• [Provided data]:
____

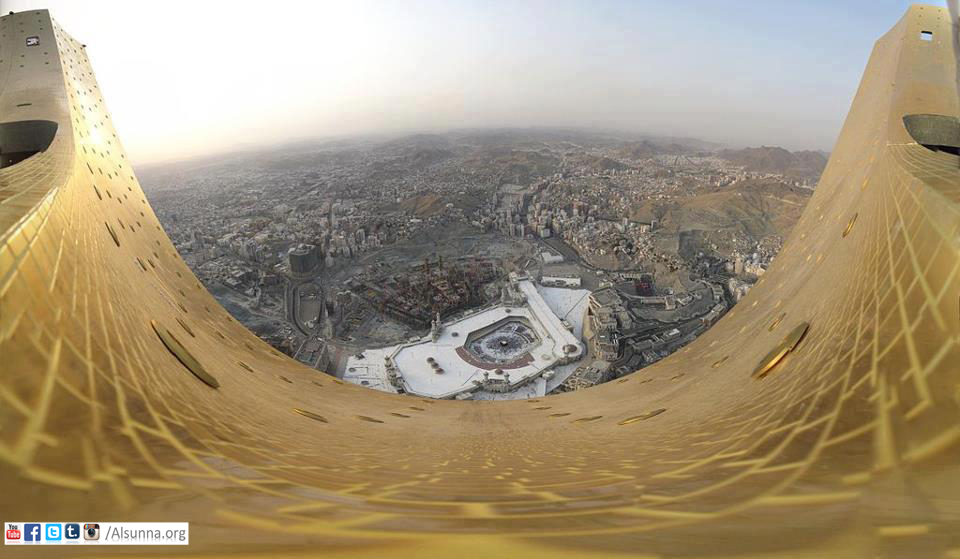 Amazing-Scene-of-Kaaba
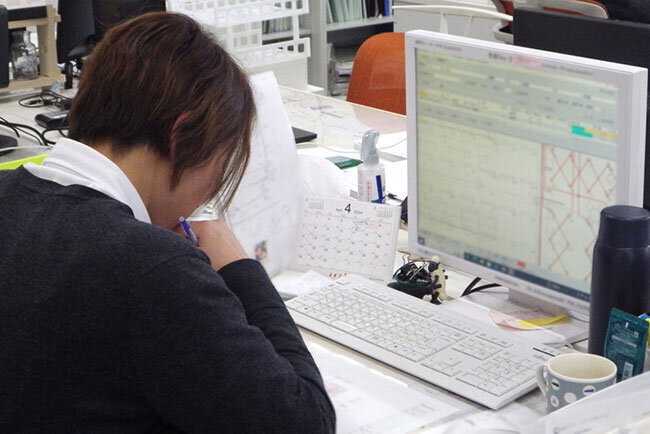 見積の作成能力と精度を飛躍的に高めた積算システム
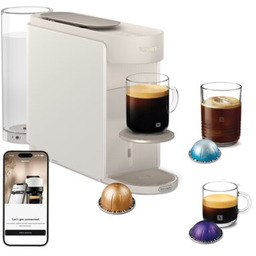 DELONGHI Ekspres Nespresso Vertuo Up ENV200.W Zyskaj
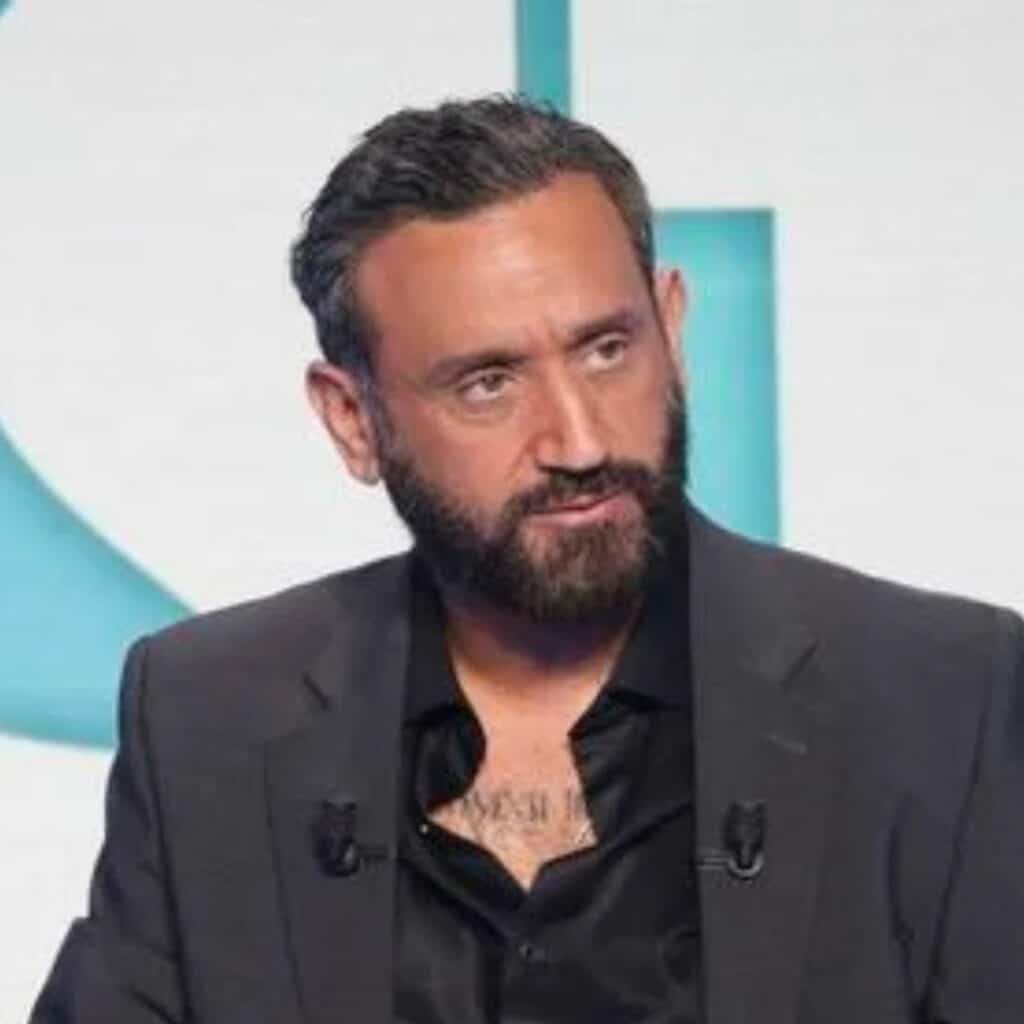 Cyril Hanouna : l’animateur bientôt candidat à la présidentielle ?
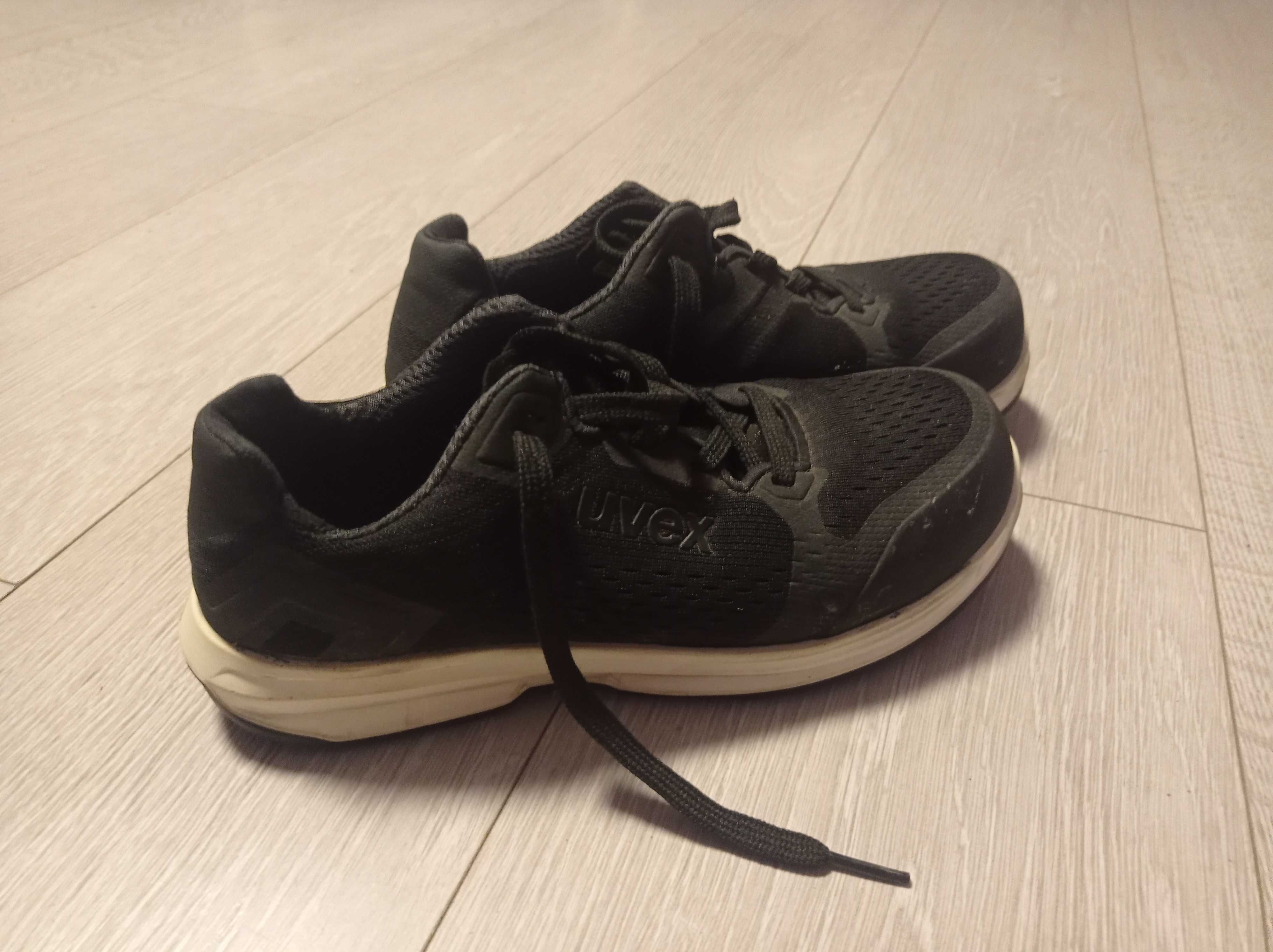 Buty Ochronne Robocze UVEX Rozmiar 37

____

Return the records above exactly, without the pictures.

 Amazing-Scene-of-Kaaba
 見積の作成能力と精度を飛躍的に高めた積算システム
 DELONGHI Ekspres Nespresso Vertuo Up ENV200.W Zyskaj
 Cyril Hanouna : l’animateur bientôt candidat à la présidentielle ?
 Buty Ochronne Robocze UVEX Rozmiar 37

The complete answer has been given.